• Material for this task
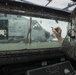 Recovery team from USS Sampson (DDG 102) conducts search and recovery operations for AirAsia flight QZ8501 search efforts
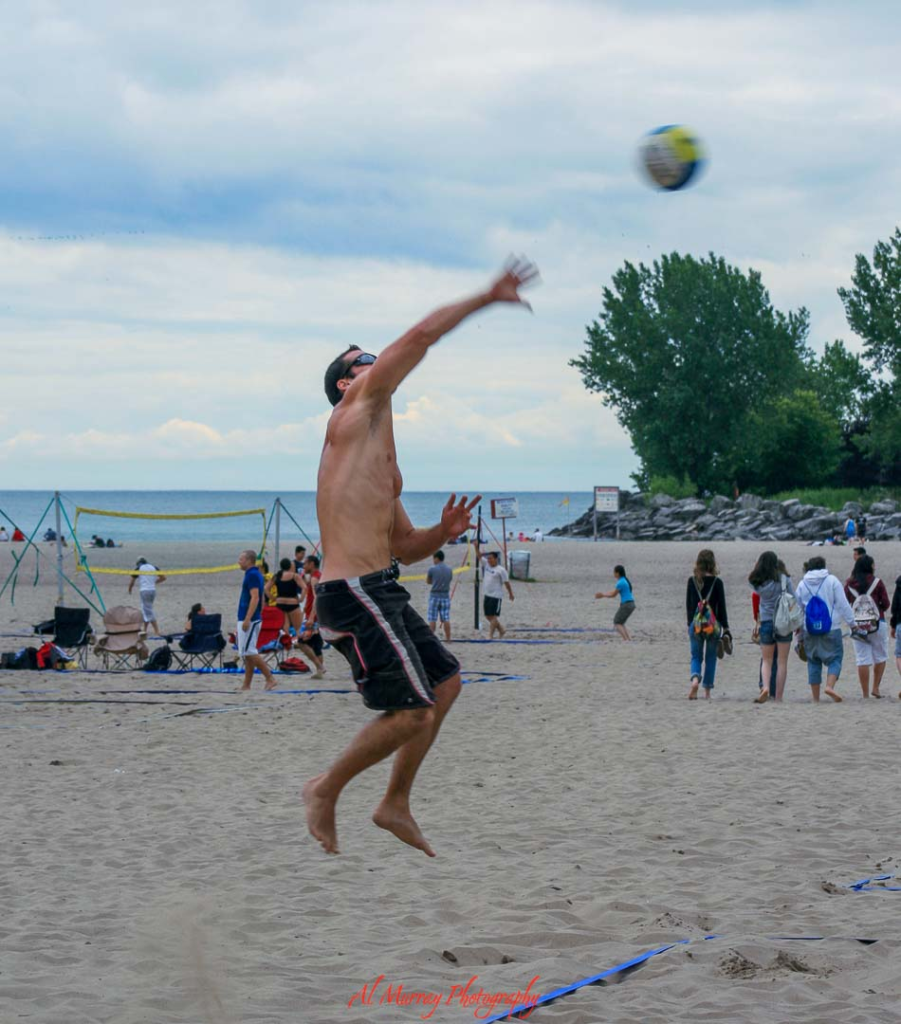 where to watch the world cup 2026 in vancouver Man jumping to spike a volleyball on a sandy Vancouver beach with other players, nets, and Lake water visible in the background under a cloudy sky. The energetic beach scene highlights fun things to do during Vancouver World Cup 2026, from outdoor sports to soaking up the city’s lively summer atmosphere between matches.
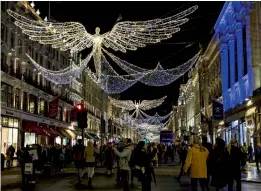  ??  ?? Passersby enjoy the Christmas light decoration­s with the theme of “The Spirit of Christmas” on Regent Street in central London on Thursday, as the British capital gears up for the festive season. Since 1954 the lights of Regents Street have been...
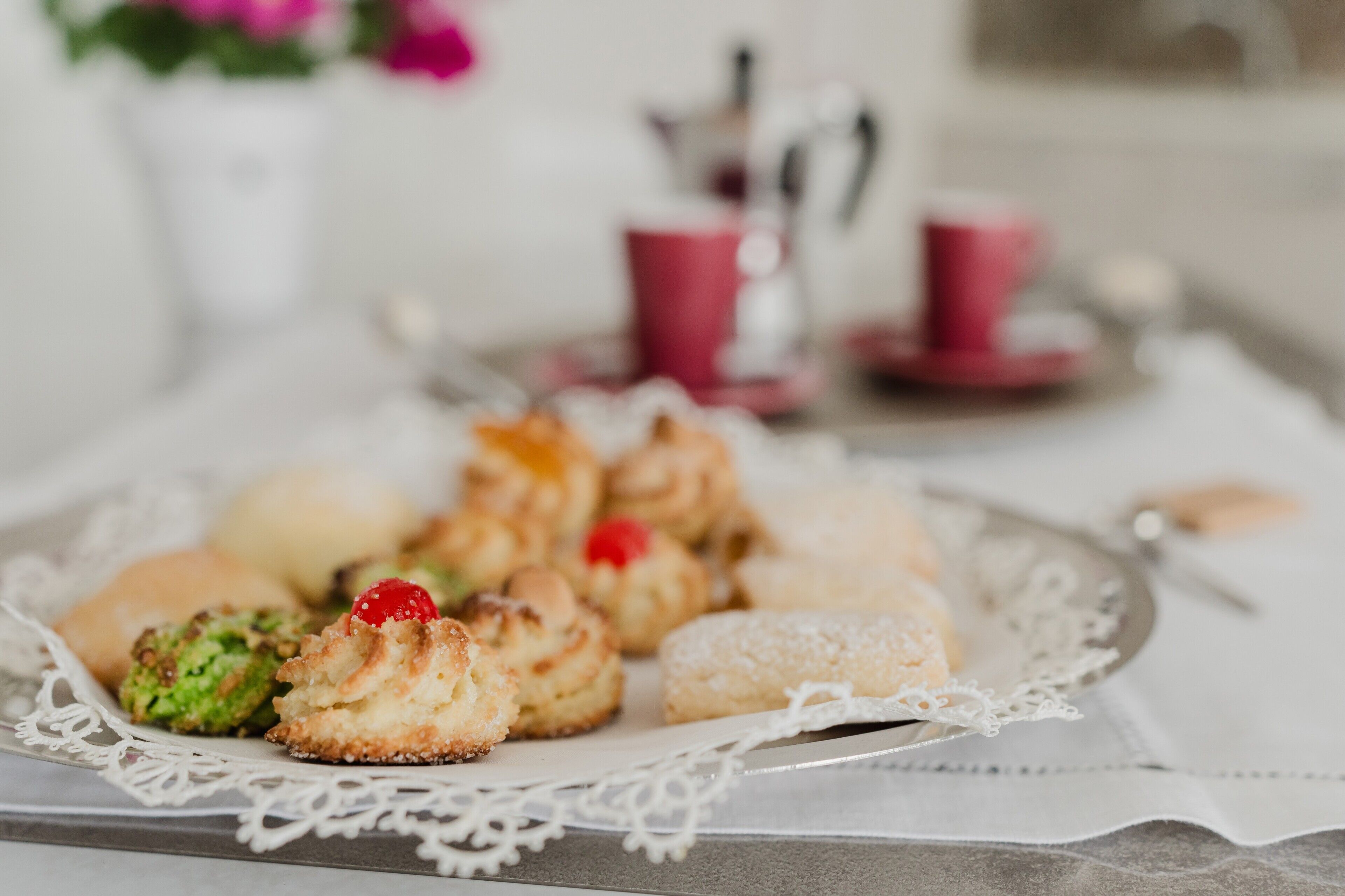 A plate of assorted pastries on a lace doily.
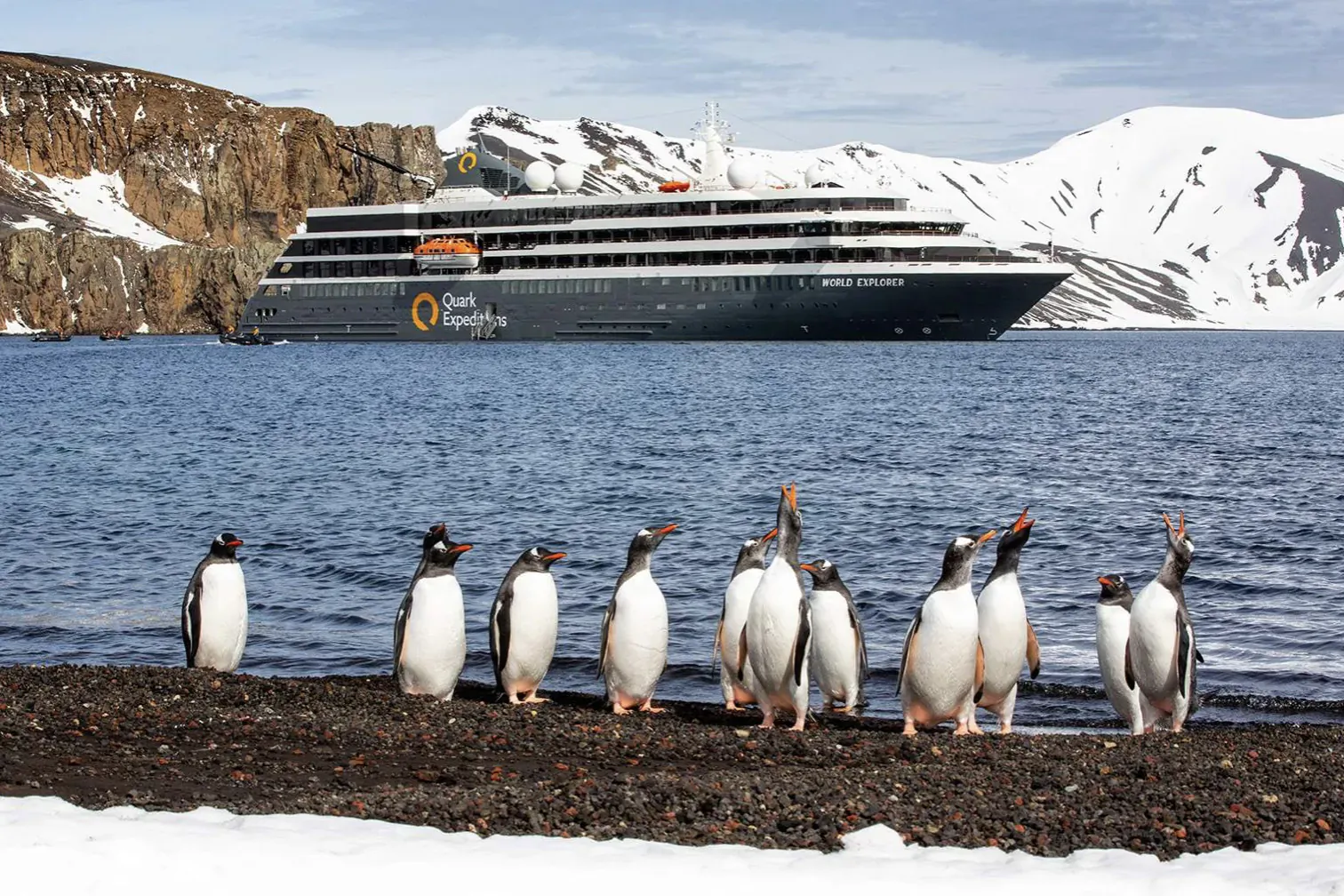 Group of gentoo penguins on snowy shore with luxury cruise ship in Antarctic bay, snow-capped mountains behind.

• Instructions to follow
A verbatim copy of every record is to be produced, and pictures are to be excluded from it.

• Exercise output
 Recovery team from USS Sampson (DDG 102) conducts search and recovery operations for AirAsia flight QZ8501 search efforts
 where to watch the world cup 2026 in vancouver Man jumping to spike a volleyball on a sandy Vancouver beach with other players, nets, and Lake water visible in the background under a cloudy sky. The energetic beach scene highlights fun things to do during Vancouver World Cup 2026, from outdoor sports to soaking up the city’s lively summer atmosphere between matches.
  ??  ?? Passersby enjoy the Christmas light decoration­s with the theme of “The Spirit of Christmas” on Regent Street in central London on Thursday, as the British capital gears up for the festive season. Since 1954 the lights of Regents Street have been...
 A plate of assorted pastries on a lace doily.
 Group of gentoo penguins on snowy shore with luxury cruise ship in Antarctic bay, snow-capped mountains behind.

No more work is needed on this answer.